Among the CEO’s most important responsibilities is securing her or his company against internal and external threats. Ultimate responsibility lies with the CEO for:
- Physical security for people, inventory, raw materials, and the physical plant.
- Financial security through insurance, reserve funds, and contracts.
- Market security through forethought, strategic planning, and research and development.
- Organizational operability and efficiency through policies and procedures.
- Organizational resiliency via disaster recovery and business continuity planning, testing, and execution.
- Compliance with laws and standards.
A seventh discipline that has gained new prominence in the digital age is information security. Businesses’ intellectual property and trade secrets have always been under attack; now their operational data is a prized target of thieves, hackers, and other bad actors. This brief blog explores what this threat means to companies and what smart CEOs do to practice information security as seriously as the other disciplines of security.
We admire Bruce Schneier for his expert knowledge and leadership in the field, in particular because he recognizes that it’s not just about code and authentification factors, it’s about people. Bad passwords, credential stealing, and carelessness are worse than hacking and viruses. He recognizes that as people push the boundaries of their own humanity, starting to use a global mesh of devices and connections to do their bidding, the situation will become even more complicated and beyond our direct control.
His basic argument is within a couple degrees of the compass of the argument advanced by FEMA, which since its missteps of the late 1990s and early 2000s has become a leader emergency management agency: Organizations that focus all their energies on breach response and recovery are failures; those that devote energy and focus to prevention and intervention will be far ahead of the curve.
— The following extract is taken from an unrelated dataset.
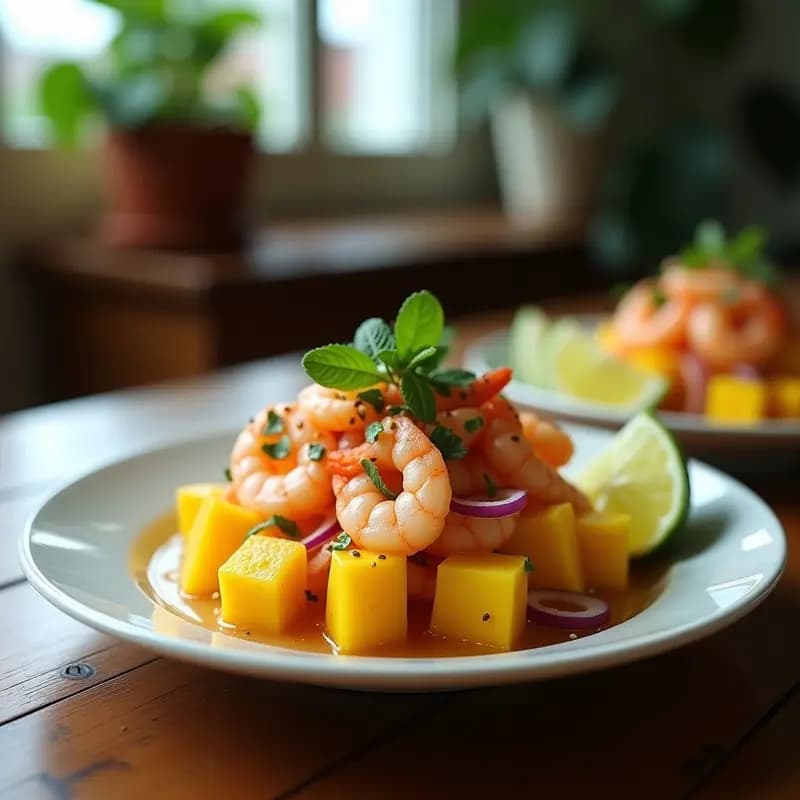 Ceviche de Mango y Camarón con Vinagreta de Maracuyá: Receta Peruana Fusion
For many CEOs and, indeed, most CTOs, grasping this shift in focus requires a fundamental change in mindset. Most CTOs and their IT departments are trained and oriented to problem-solve. If a new hack emerges, they learn to beat it back. If data servers are breached, they are trained to contain and recover. If intellectual property is stolen, they have procedures in place to “ring the bell” and send the lawyers out to tackle the offending software company.
But this example from Apple shows how little this reactive approach really accomplishes. By the time the data has slipped the surly bonds of its owner’s server, it becomes enmeshed in the global data stream for anyone to see or take. Apple, Alphabet, Facebook and their ilk know well that the play is not to react to information security breaches, but to proactively prevent them. Prevention, not intervention, is where these companies spend or should be spending most of their energy—and it’s where you should be spending yours.
After all, breaches have everything in common with the growth curve for invasive species, perhaps because the two find their entrée in some of the most common human behaviors and preferences. By the time most people spot them, it’s already too late to solve them.
If your CTO is the guy or gal you call when you spot the signs that you have been breached, you’re way behind the 8-ball. If your CTO is proactively counseling you on preventive measures and you are proactively implementing them, you are fortunate and unusual. More companies need to practice the discipline of information security and spend more resources assessing and preventing, as opposed to reactively intervening when things go bad.